だからたった「ごめん」の三文字ですら、思い悩んだ末に勇気を出してやっと送信ボタンを押したような有様だった。もし彼女の両親が気づき、「学校で何かあったの?」なんて聞かれたら彼女は困るだろう。そういう事態に備えて、メッセージアプリの名前は本名ではなく匿名のアカウントを使っていたから、小野寺さんの両親は僕の性別すらわからないだろうが、毎晩のように「おやすみ」の挨拶を交わし合うこいつは一体どこの誰だ、と疑惑を抱かれてしまうかもしれない。

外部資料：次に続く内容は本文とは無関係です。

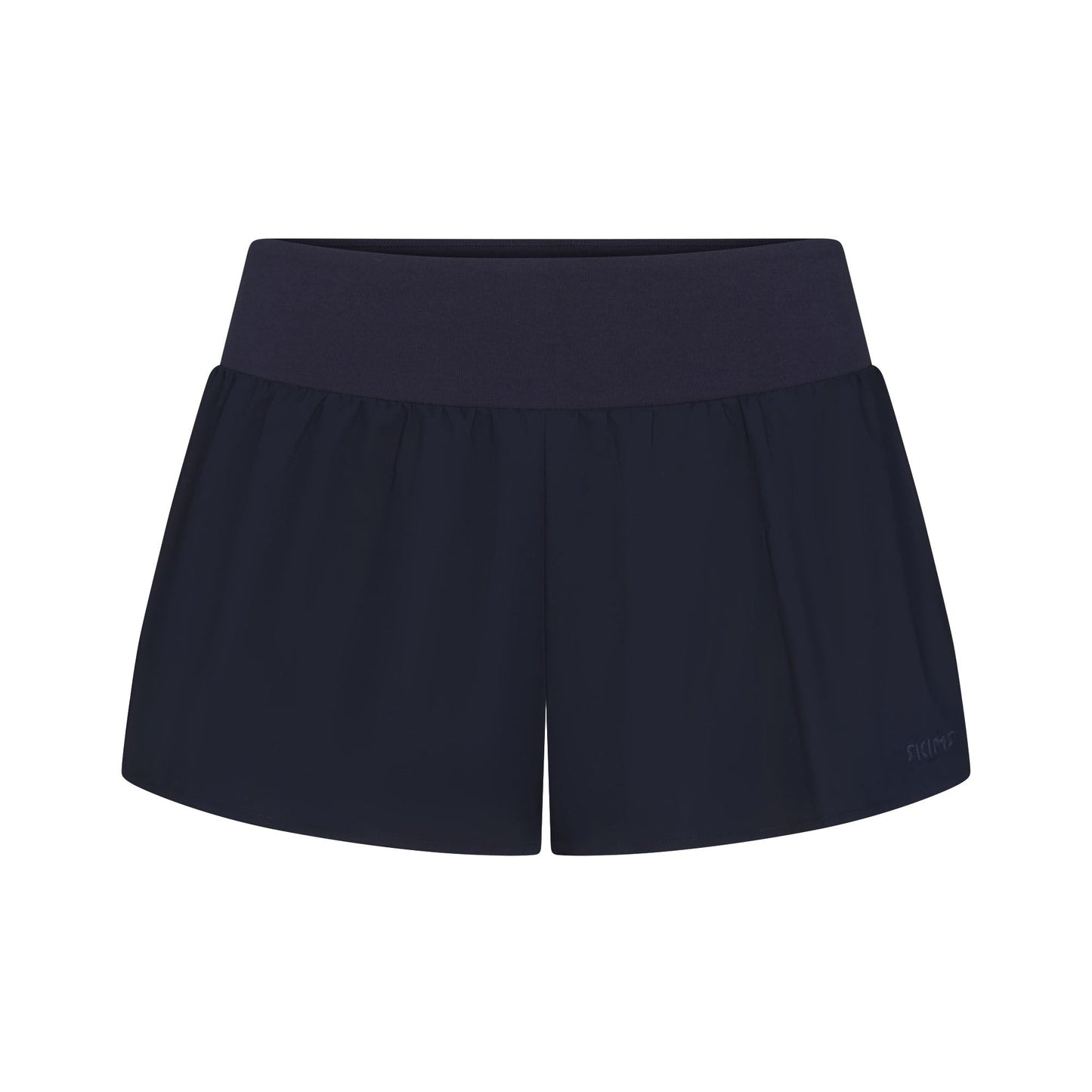 WOVEN COTTON FLUTTER SHORT | NAVY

小野寺さんは、僕のメッセージを読んでくれただろうか。両親に気づかれて気まずい思いをしたりはしていないだろうか。それすらも確認する術はない。
僕はこうして、彼女自身をも含めた誰にも気づかれないように、こっそりと小野寺さんの横顔を見守り続けることしかできなかった。
そして週に一度の図書委員の日でもない限り、学校が終われば僕たちは離れ離れ。互いに言葉を交わすこともなく、今日という一日が終わってしまう。
家に帰ってからも僕は、メッセージアプリの上に何度も何度も文字を書いては消してを繰り返し、結局送れずに途方に暮れた。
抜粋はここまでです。